═══ Provided records
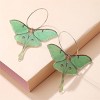Moth Butterfly Earrings.Punk Insect Drop Earrings Color Acrylic Moth Wing Earrings Statement Black Earrings Party Jewelry for Women - 4 of 4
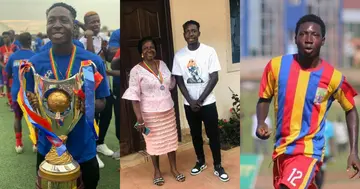 Hearts of Oak defender William Dankyi shares GPL medal with lovely mother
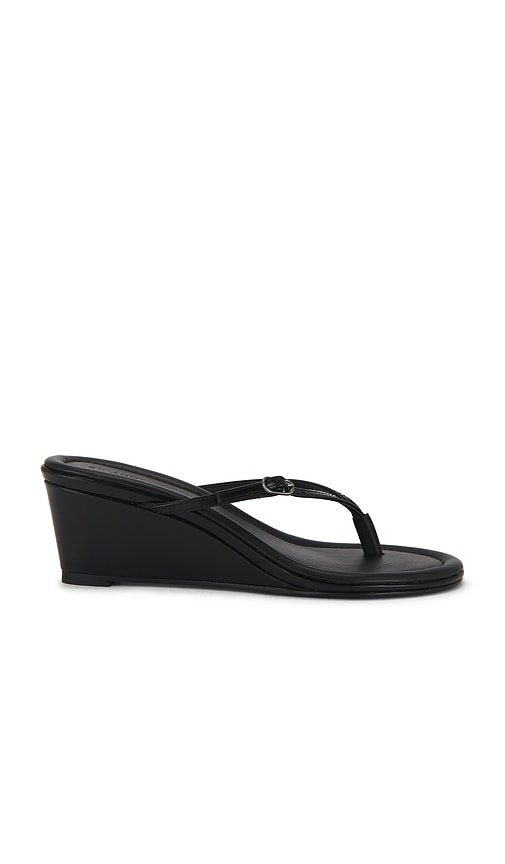 St. Agni Petit Belt Thong Wedge Sandal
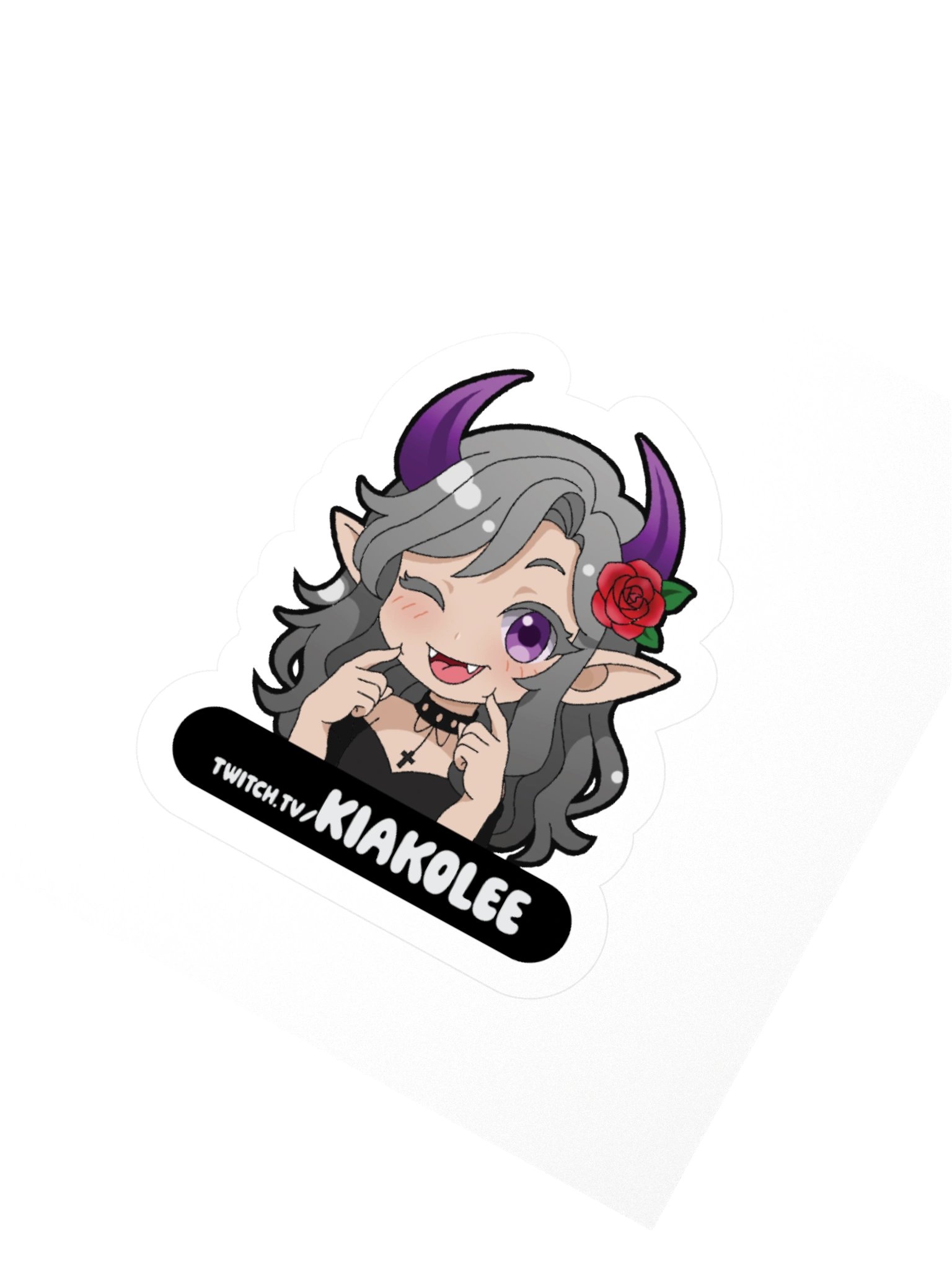 Devilishly Cute Kiako Sticker product image (6)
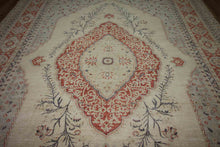 Load image into Gallery viewer, Vegetable Dye Floral Oushak Chobi Oriental Area Rug 10x14 One of a Kind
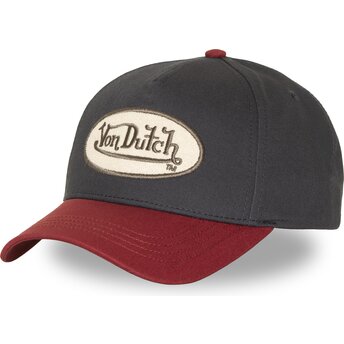 Sapkák ívelt sötétkék snapback TERRY FV Von Dutch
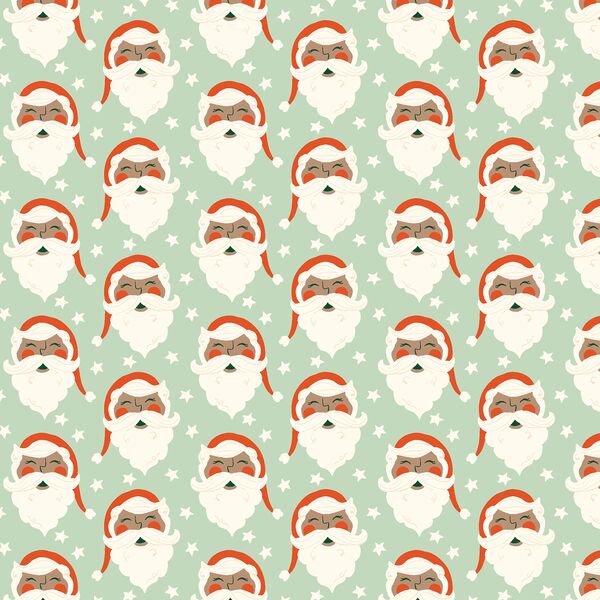 Merry St. Nick in Mint Green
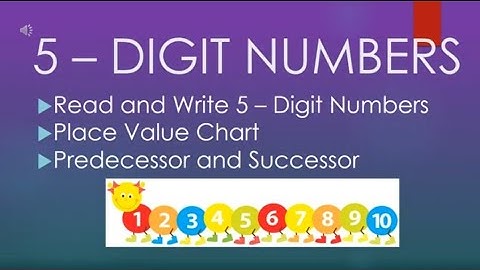 LARGE NUMBERS । PLACE VALUE । PREDECESSOR  SUCCESSOR #placevalue #numbers #placevalue #predecessor
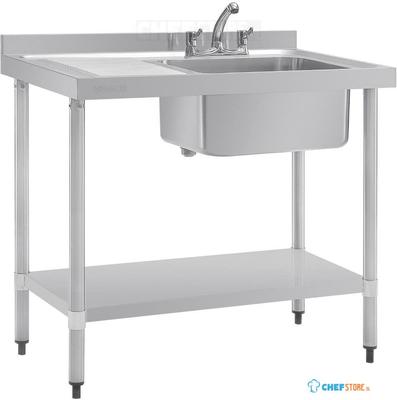 Vogue RVS spoeltafel met afdruiprek links, Vogue DY821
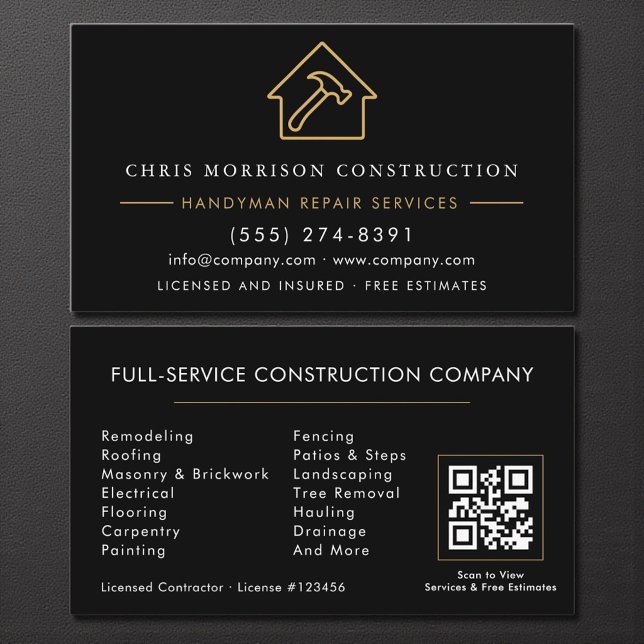 QR-Code für Handwerker & Dienstleister Visitenkarte (Von Creator hochgeladen)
══════
▶ **About this exercise**:
Beginning at the line above that contains "Devilishly Cute Kiako", repeat each line exactly through the one that contains "Vogue RVS spoeltafel", and leave out the pictures.

▶ **Response below**:
 Devilishly Cute Kiako Sticker product image (6)
 Load image into Gallery viewer, Vegetable Dye Floral Oushak Chobi Oriental Area Rug 10x14 One of a Kind
 Sapkák ívelt sötétkék snapback TERRY FV Von Dutch
 Merry St. Nick in Mint Green
 LARGE NUMBERS । PLACE VALUE । PREDECESSOR  SUCCESSOR #placevalue #numbers #placevalue #predecessor
 Vogue RVS spoeltafel met afdruiprek links, Vogue DY821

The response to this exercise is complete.